Are there any scenarios where it is suitable to use a business field directly as the primary key? Yes, there are. For example, some business scenarios have the following requirements:

Only one index is needed.
This index must be a unique index.

I’m sure you can see that this is a typical key-value (KV) scenario. Since there are no other indexes, there is no need to consider the size of leaf nodes for other indexes.

At this point, we should prioritize the principle of “use primary key queries as much as possible” mentioned in the previous paragraph and directly set this index as the primary key to avoid having to search two trees for each query.

Summary #

Today, I analyzed the data structures available in database engines and introduced the B+ tree structure used by InnoDB and why InnoDB chose it. B+ trees can work well with the read and write characteristics of disks, reducing the number of disk accesses for each query.

Since InnoDB is an index-organized table, in general, I would recommend creating an auto-increment primary key to minimize the space occupied by non-primary key indexes. However, there are no absolutes, and I also discussed with you the use cases for using business logic fields as primary keys.

Lastly, I want to leave you with a question. For the InnoDB table T in the example above, if you want to rebuild the index k, you can write the two SQL statements like this:

alter table T drop index k;
alter table T add index(k);

If you want to rebuild the primary key index, you can write them like this:

alter table T drop primary key;
alter table T add primary key(id);

My question is, what is your understanding of these two methods of index rebuilding? If they are not appropriate, why not, and what would be a better approach?

You can write your thoughts and opinions in the comments section, and I will provide my reference answer at the end of the next article. Thank you for listening, and feel free to share this article with more friends to read together.

Previous Question Answer #

The question I left you with at the end of the previous article was: How to avoid the impact of long transactions on business?

This question can be approached from both the application development side and the database side.

First, let’s look at it from the application development side:

Check whether set autocommit=0 is used. This can be done in the testing environment by enabling the MySQL general_log and running a business logic randomly to confirm through the log. Usually, if a framework sets this value, it will also provide parameters to control the behavior. Your goal is to change it to 1.
Check if there are unnecessary read-only transactions. Some frameworks tend to put any statement inside a begin/commit block. I have seen cases where the business logic does not require this, but several select statements are still put in the transaction. These read-only transactions can be removed.
When the business connects to the database, based on the estimate of the business itself, control the maximum execution time of each statement using the SET MAX_EXECUTION_TIME command to prevent a single statement from accidentally executing for too long. (Why accidentally? This type of case will be mentioned in future articles.)
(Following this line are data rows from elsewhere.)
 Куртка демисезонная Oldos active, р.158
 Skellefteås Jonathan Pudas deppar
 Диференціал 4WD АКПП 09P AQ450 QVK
Next, let’s look at it from the database side:

Monitor the information_schema.Innodb_trx table and set a long transaction threshold. If it exceeds the threshold, send an alert or kill the transaction.
Percona’s pt-kill tool is good, I recommend using it.
Require the output of all general_log during business function testing, analyze the log behavior, and discover problems in advance.
If you are using MySQL 5.6 or a newer version, set innodb_undo_tablespaces to 2 (or a larger value). If there is indeed a large transaction causing a large rollback segment, it will be easier to clean up after setting this value.